TASK BRIEF: Using the data that follows, output only the lines from the line with "Israel Adesanya em" up to and including the line with "السلام عليكم بيت", exactly, leaving pictures aside.

EXTRACTED ENTRIES:
/---

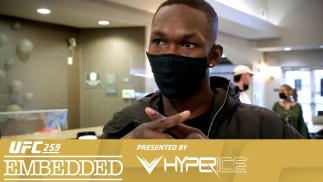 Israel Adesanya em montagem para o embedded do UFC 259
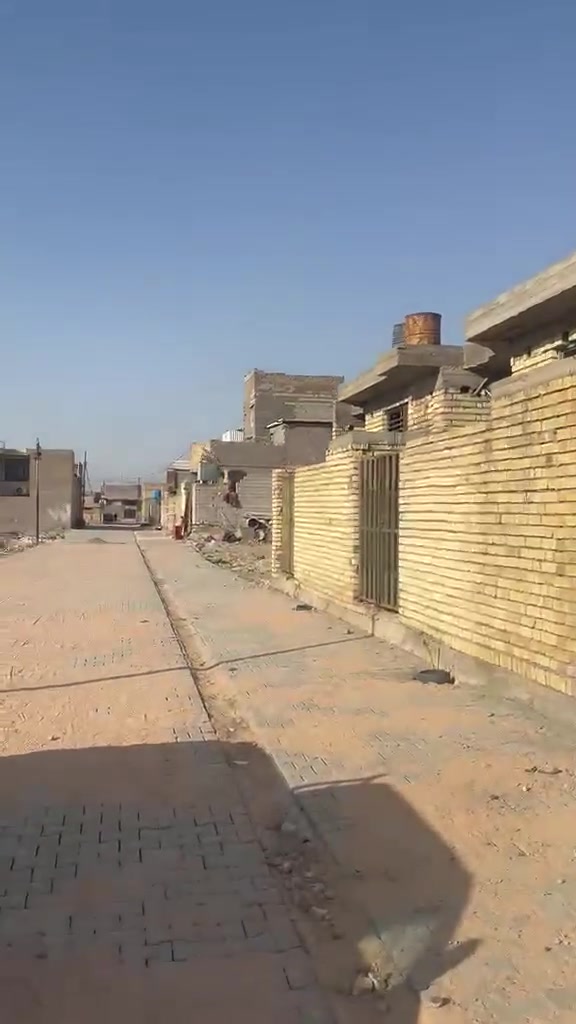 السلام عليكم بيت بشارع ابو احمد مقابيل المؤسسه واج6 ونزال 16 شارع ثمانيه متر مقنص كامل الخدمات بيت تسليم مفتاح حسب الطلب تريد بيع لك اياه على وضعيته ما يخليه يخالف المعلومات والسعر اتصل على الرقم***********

\---
/---

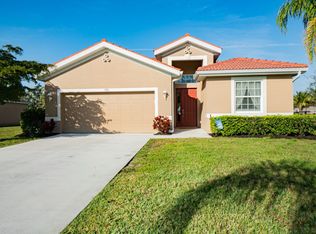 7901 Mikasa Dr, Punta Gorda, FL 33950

\---

SOLVED EXERCISE:
 Israel Adesanya em montagem para o embedded do UFC 259
 السلام عليكم بيت بشارع ابو احمد مقابيل المؤسسه واج6 ونزال 16 شارع ثمانيه متر مقنص كامل الخدمات بيت تسليم مفتاح حسب الطلب تريد بيع لك اياه على وضعيته ما يخليه يخالف المعلومات والسعر اتصل على الرقم***********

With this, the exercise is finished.